It’s hard to find time to workout when you are juggling a 40+ hour work week with everything else you’ve signed up for outside of the office. It should be less daunting to find 10 minutes of free time throughout your work day that you could dedicate to fitness. We’ve put together a quick 10-minute workout that you could do at your desk, so you could improve your health without dropping the ball at work. Try substituting the last 10 minutes of your lunch break or the first 10 minutes after 2pm to try to give yourself a much needed boost.
2-Minute Warm Up
Warm ups are important to prevent injury during your 10-minute workout. There are a few things you could do to loosen up your muscles. Start with ten shoulder shrugs before moving your shoulders into a circular motion. Make sure to move both clockwise and counter-clockwise. Then switch to some wrist stretches – check out a few here. Finish up with some calf , hamstring, and quad stretching to loosen up your legs. Many of these stretches can be done as you are finishing up your lunch or reading emails.
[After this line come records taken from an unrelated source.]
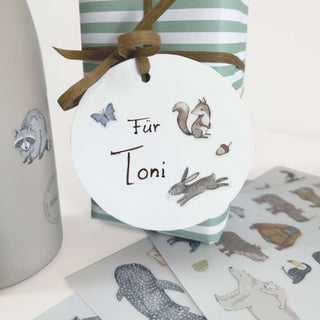 Hier ist eine Anwendungsidee der Sticker zu sehen. Ein Geschenkanhänger ist mit den Tiersticker dekorativ beklebt. 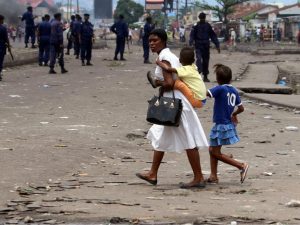 República Democrática do Congo: Polícia invadiu igrejas em perseguições a manifestantes contra presidente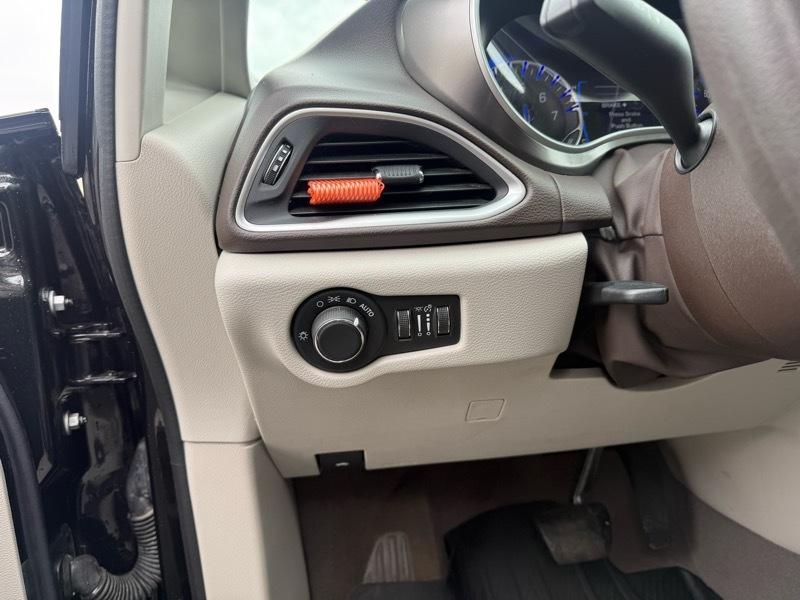 Chrysler Pacifica Touring 2017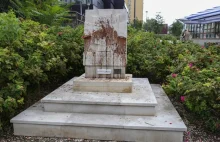 Zatrzymano 76-latkę podejrzaną o dewastację pomnika Rzezi Woli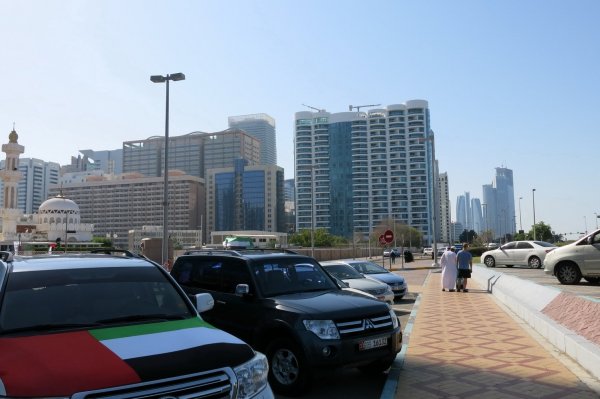 abu dhabi felhőkarcolók2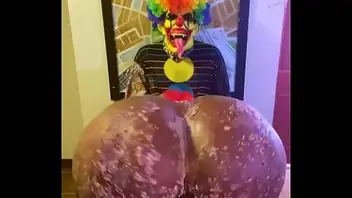 Victoria cakes anal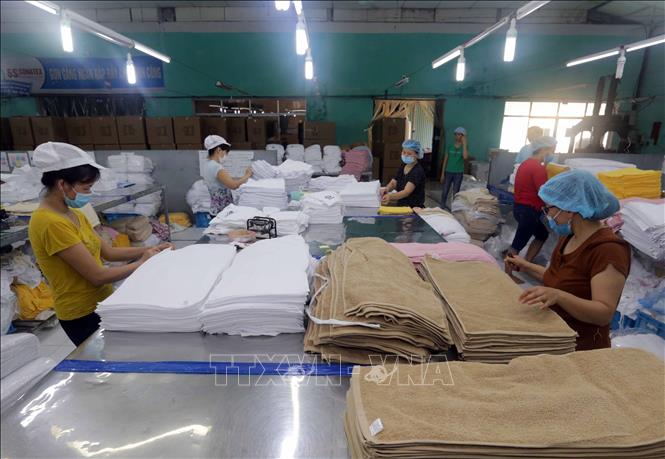 Sau giãn cách xã hội phòng chống dịch COVID-19, Công ty Cổ phần Dệt may Sơn Nam (Nam Định) đã tập trung sản xuất khăn các loại xuất khẩu sang thị trường Nhật Bản. Ảnh: Trần Việt/TTXVN.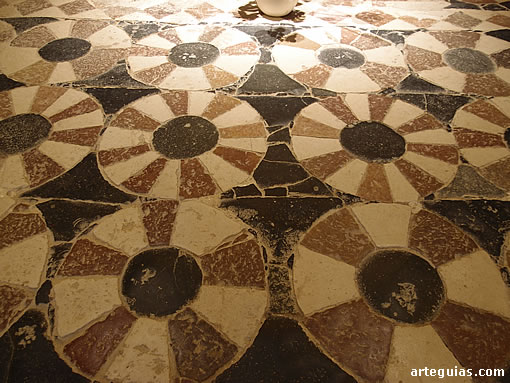 Suelo con mosaico de m&aacute;rmol del presbiterio central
If you have a gym in your office, then feel free to try some of these exercises there. We’ve put together a list of exercises that anyone could do at their desk with just 10 minutes to spare. The exercises are separated out for each day of the work week so that you can target different muscle groups.
Monday (Push Day)
This day will be focused on exercises that key in on pushing.
- Push ups – Feel free to do inclined push ups against your desk or a wall if that is easier.
- Chair dips – Use your chair to do dips at your desk to work on your triceps.
- Water bottle press – Fill a water bottle up and extend it into the air with one arm and then bring it back down to ear level. Do this 15-20 times with one arm and then repeat with the other arm.
Tuesday (Pull Day)
This day will be focused on exercises that key in on pulling.
- Under desk pull ups – It’s exactly what it sounds like. If you have a sturdy desk, lay face up underneath with your legs flat in front of you. Use your arms to pull yourself up to the desk and lower yourself back down to the ground. Rinse and repeat.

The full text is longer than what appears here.